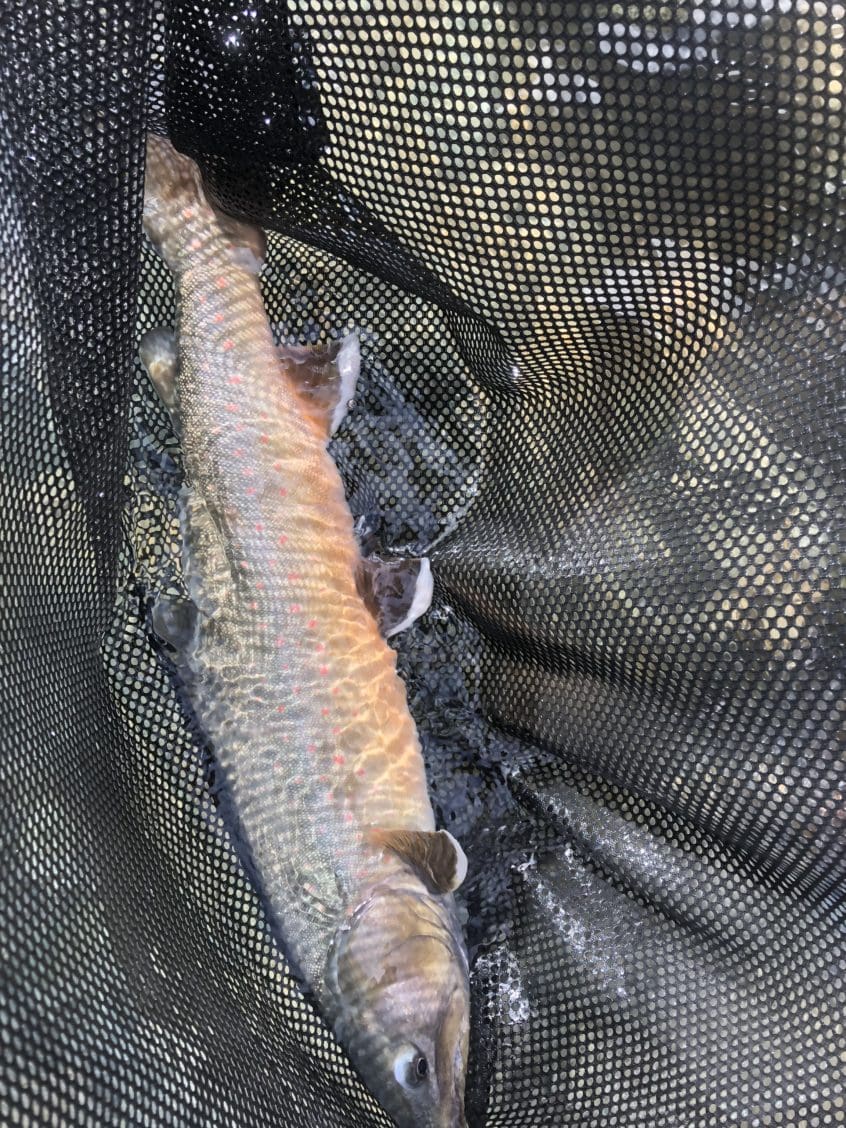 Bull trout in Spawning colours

****

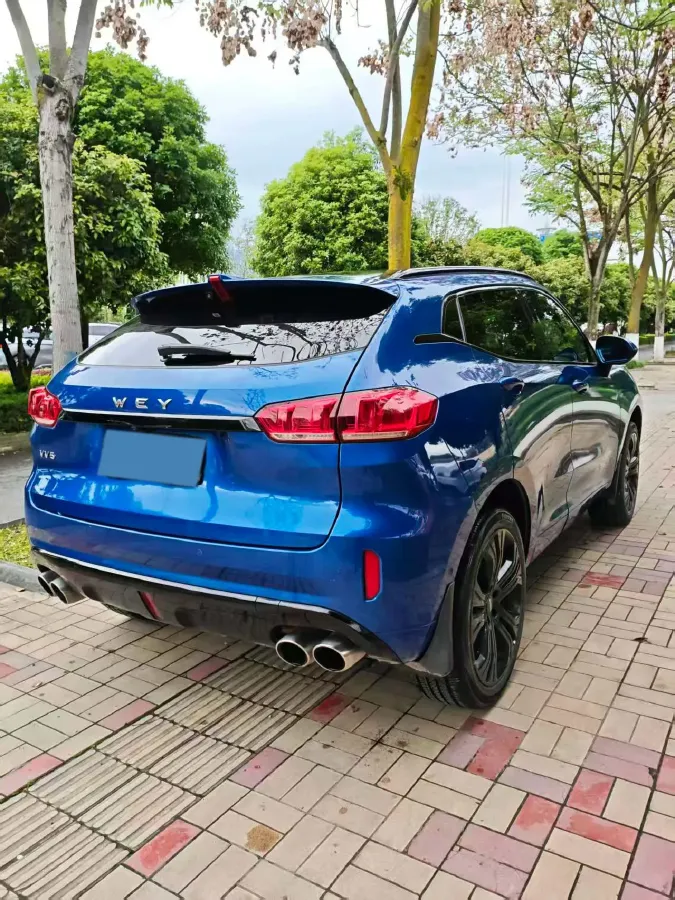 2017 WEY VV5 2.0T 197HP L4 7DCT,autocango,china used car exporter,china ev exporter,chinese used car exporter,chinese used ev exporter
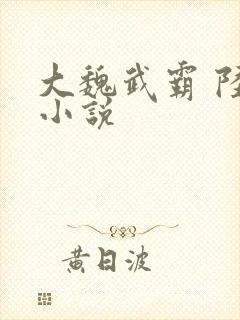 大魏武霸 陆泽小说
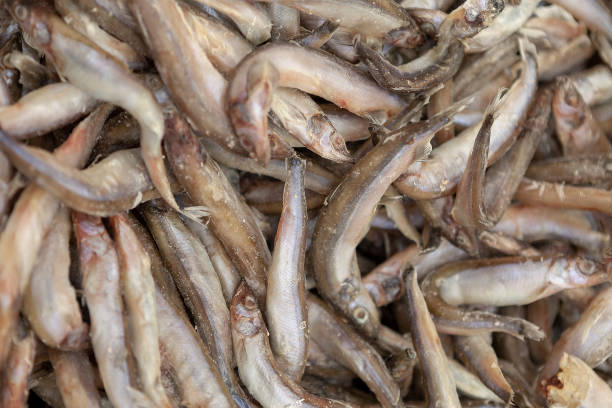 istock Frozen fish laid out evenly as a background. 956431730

****

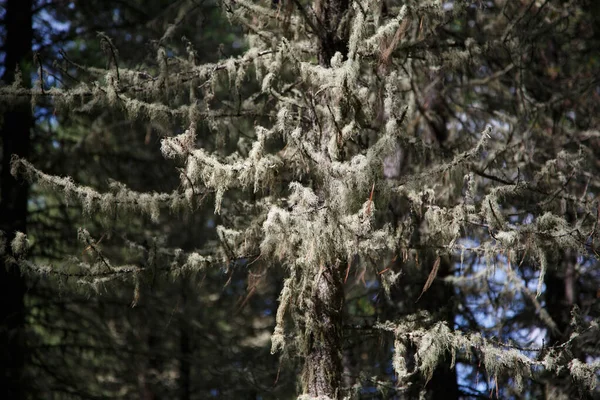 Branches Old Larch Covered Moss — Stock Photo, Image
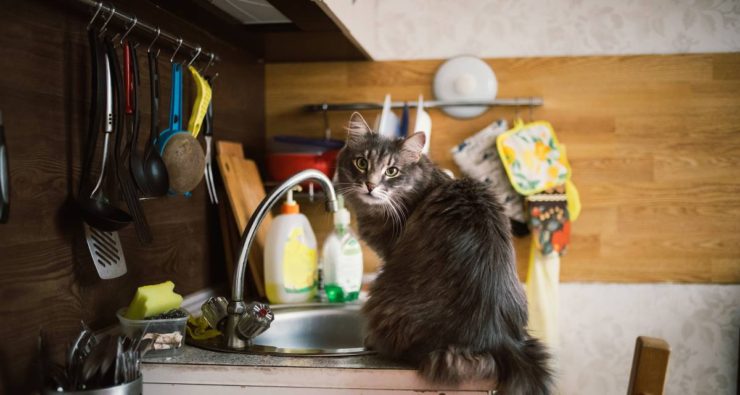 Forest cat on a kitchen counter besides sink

****

Would you copy, word for word, only the lines above from the one containing "Branches Old Larch" through the one containing "Forest cat on a kitchen counter besides sink", both included, and please leave out the pictures?

### ANSWER FOR THE TASK
 Branches Old Larch Covered Moss — Stock Photo, Image
 Forest cat on a kitchen counter besides sink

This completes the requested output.